The “Fieldhouse Project” committee — an ad-hoc group of parents and community leaders — collected approximately 2,300 surveys of people in the Manhattan, Wamego and Junction City communities last month. Of those, 55.6 percent said that a new indoor recreation facility was a “high priority” or a “very high priority” compared to other local issues. Another 27.8 percent said it was a “medium priority.”
The survey was conducted online; it was advertised in newspapers in all three communities, organizers said. A link to the survey was sent out by e-mail through city, school district and Chamber of Commerce e-mail lists, among other methods, they said. About 60 percent of the responses came from Manhattan; Wamego provided about 12 percent, Junction City, 3 percent, and other communities the balance.

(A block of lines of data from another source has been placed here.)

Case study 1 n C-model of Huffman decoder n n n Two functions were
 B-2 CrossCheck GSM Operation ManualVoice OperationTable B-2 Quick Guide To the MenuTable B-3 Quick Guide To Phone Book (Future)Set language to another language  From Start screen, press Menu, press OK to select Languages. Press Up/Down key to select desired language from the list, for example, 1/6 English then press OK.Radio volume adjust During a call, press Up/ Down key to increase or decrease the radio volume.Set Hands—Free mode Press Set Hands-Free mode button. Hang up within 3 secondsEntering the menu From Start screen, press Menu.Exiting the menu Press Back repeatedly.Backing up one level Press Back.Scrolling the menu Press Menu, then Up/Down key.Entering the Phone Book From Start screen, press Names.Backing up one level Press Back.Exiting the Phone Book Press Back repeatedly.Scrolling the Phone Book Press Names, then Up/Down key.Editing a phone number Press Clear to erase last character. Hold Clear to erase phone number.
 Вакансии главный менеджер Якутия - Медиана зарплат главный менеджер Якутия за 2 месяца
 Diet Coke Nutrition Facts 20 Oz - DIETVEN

The survey also found that 21.3 percent of respondents thought that current local facilities “meet all of your needs,” while 69.1 percent found that local facilities “meet some of your needs.” Another 9.5 percent said facilities here meet “none” of their needs.
“The community assessment clearly shows that the need is here and the communities want it,” said Gail Urban, chairperson of the committee.
Based on those findings, the committee plans to pursue the idea of a formal economic feasibility study conducted by a private firm, Urban said. There are no solid plans about what would be in the facility, where it would be, how much it would cost, or how it would be funded, Urban said; those things would largely be answered by the study.
“This company will look at whether it’s doable financially, what it could bring to the community, and whether it can be done without tax dollars,” Urban said. “Our goal is to have an independent, financially feasible sports facility.”
The idea, Urban said, is to provide a place where local youth — and adults — can participate in sports year-round, and where the community can benefit by being able to host more and larger sporting events.
“What we’re really creating here is tourism,” Urban said. “When families come to our town for sporting tournaments, they’re filling our hotel rooms, they’re eating out at least two meals, they’re going to the mall or other businesses in downtime between games, they’re filling up with gas, and then they leave.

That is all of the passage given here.